Start of DATA

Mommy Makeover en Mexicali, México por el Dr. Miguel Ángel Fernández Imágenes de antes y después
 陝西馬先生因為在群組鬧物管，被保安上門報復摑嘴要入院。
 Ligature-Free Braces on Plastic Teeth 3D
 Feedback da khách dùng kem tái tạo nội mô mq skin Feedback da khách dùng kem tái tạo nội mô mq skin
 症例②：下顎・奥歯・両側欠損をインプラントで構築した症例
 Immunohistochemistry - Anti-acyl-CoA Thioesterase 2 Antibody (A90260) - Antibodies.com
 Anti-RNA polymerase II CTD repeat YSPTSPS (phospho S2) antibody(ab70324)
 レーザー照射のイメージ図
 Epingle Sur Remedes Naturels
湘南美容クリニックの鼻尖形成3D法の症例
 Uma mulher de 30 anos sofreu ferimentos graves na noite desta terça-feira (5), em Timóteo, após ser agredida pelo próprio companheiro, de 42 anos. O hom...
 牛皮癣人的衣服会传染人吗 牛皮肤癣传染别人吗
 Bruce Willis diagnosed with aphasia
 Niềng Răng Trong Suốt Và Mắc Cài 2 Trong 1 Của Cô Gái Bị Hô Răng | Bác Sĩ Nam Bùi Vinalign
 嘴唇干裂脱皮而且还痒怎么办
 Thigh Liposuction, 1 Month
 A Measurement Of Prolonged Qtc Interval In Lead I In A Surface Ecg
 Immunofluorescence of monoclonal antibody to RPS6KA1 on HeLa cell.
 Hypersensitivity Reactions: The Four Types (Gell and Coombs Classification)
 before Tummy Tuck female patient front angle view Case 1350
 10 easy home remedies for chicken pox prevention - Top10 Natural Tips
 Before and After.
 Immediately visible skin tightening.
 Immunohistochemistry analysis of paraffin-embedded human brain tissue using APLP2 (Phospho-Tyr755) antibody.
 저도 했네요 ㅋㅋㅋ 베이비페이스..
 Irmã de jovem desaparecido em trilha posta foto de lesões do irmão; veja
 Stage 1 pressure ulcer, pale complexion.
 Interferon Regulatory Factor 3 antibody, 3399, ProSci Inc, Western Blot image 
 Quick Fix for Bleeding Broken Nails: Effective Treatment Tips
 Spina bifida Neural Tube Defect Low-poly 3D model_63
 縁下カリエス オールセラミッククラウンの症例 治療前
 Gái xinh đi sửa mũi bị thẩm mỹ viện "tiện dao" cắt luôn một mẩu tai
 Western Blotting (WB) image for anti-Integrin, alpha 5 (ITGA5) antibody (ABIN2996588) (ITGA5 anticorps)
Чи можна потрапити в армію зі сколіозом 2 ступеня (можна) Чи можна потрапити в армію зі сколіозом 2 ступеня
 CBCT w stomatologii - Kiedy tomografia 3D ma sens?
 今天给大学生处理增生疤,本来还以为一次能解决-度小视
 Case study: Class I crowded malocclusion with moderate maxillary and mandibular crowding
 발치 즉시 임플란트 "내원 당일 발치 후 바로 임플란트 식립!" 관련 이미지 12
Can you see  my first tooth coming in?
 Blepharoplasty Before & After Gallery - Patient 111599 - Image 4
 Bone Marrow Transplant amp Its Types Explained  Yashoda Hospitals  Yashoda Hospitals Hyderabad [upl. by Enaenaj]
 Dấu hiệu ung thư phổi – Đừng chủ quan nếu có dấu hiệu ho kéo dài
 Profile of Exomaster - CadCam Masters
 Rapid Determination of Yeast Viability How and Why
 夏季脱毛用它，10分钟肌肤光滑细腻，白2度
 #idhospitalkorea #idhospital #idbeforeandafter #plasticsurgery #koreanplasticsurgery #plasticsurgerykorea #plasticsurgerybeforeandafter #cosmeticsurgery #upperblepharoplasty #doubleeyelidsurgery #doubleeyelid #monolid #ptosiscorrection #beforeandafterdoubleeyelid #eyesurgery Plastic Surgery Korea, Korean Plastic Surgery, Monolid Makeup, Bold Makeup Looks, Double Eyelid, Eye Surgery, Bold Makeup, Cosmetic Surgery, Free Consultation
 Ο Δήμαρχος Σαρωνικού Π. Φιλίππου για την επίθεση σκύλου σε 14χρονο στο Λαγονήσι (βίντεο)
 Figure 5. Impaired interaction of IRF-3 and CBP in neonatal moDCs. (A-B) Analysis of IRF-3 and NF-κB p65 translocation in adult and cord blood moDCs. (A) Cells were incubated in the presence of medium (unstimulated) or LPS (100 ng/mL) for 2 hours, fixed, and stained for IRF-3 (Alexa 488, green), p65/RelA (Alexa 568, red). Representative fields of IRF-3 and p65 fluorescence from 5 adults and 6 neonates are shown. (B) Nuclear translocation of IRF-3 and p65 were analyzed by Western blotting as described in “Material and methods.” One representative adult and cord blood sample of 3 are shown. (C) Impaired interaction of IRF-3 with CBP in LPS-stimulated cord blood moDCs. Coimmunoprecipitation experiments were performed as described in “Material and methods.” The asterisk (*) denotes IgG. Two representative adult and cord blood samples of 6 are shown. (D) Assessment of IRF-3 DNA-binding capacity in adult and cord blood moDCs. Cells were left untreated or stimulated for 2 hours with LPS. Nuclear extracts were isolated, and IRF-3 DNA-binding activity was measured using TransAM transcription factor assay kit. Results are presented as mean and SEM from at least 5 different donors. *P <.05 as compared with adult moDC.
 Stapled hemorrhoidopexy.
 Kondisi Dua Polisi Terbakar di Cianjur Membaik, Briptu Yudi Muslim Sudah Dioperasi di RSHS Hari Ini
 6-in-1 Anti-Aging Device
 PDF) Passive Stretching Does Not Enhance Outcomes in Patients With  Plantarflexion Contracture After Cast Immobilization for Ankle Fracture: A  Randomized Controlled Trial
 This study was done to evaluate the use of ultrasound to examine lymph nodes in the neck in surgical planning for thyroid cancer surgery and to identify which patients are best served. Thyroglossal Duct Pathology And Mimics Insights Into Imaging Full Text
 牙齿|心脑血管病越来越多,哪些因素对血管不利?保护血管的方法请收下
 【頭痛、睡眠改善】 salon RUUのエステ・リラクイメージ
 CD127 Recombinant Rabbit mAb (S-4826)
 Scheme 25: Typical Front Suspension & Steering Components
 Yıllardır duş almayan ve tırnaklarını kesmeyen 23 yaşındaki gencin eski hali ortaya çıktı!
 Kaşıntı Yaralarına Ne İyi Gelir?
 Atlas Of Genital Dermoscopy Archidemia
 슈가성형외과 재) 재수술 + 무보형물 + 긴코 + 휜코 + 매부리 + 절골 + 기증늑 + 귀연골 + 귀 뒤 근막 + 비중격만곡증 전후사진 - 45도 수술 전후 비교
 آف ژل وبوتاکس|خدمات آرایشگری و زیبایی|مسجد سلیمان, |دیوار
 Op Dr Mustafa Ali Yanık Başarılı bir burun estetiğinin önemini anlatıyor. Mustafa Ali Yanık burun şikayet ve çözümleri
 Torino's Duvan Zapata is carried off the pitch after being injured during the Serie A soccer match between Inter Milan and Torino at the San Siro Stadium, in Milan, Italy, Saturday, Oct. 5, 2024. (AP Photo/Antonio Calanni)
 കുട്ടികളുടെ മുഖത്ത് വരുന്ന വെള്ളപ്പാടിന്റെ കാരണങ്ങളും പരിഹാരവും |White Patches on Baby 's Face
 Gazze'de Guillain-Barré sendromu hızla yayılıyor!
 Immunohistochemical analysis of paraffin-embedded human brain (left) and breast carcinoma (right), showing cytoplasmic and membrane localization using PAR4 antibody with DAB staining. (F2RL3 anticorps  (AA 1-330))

End of DATA

• TASK DETAILS: Reproduce, unchanged, the line containing "This study was" and each line after it through the end of the listing above, and nothing else.

• ANSWER BOX:
 This study was done to evaluate the use of ultrasound to examine lymph nodes in the neck in surgical planning for thyroid cancer surgery and to identify which patients are best served. Thyroglossal Duct Pathology And Mimics Insights Into Imaging Full Text
 牙齿|心脑血管病越来越多,哪些因素对血管不利?保护血管的方法请收下
 【頭痛、睡眠改善】 salon RUUのエステ・リラクイメージ
 CD127 Recombinant Rabbit mAb (S-4826)
 Scheme 25: Typical Front Suspension & Steering Components
 Yıllardır duş almayan ve tırnaklarını kesmeyen 23 yaşındaki gencin eski hali ortaya çıktı!
 Kaşıntı Yaralarına Ne İyi Gelir?
 Atlas Of Genital Dermoscopy Archidemia
 슈가성형외과 재) 재수술 + 무보형물 + 긴코 + 휜코 + 매부리 + 절골 + 기증늑 + 귀연골 + 귀 뒤 근막 + 비중격만곡증 전후사진 - 45도 수술 전후 비교
 آف ژل وبوتاکس|خدمات آرایشگری و زیبایی|مسجد سلیمان, |دیوار
 Op Dr Mustafa Ali Yanık Başarılı bir burun estetiğinin önemini anlatıyor. Mustafa Ali Yanık burun şikayet ve çözümleri
 Torino's Duvan Zapata is carried off the pitch after being injured during the Serie A soccer match between Inter Milan and Torino at the San Siro Stadium, in Milan, Italy, Saturday, Oct. 5, 2024. (AP Photo/Antonio Calanni)
 കുട്ടികളുടെ മുഖത്ത് വരുന്ന വെള്ളപ്പാടിന്റെ കാരണങ്ങളും പരിഹാരവും |White Patches on Baby 's Face
 Gazze'de Guillain-Barré sendromu hızla yayılıyor!
 Immunohistochemical analysis of paraffin-embedded human brain (left) and breast carcinoma (right), showing cytoplasmic and membrane localization using PAR4 antibody with DAB staining. (F2RL3 anticorps  (AA 1-330))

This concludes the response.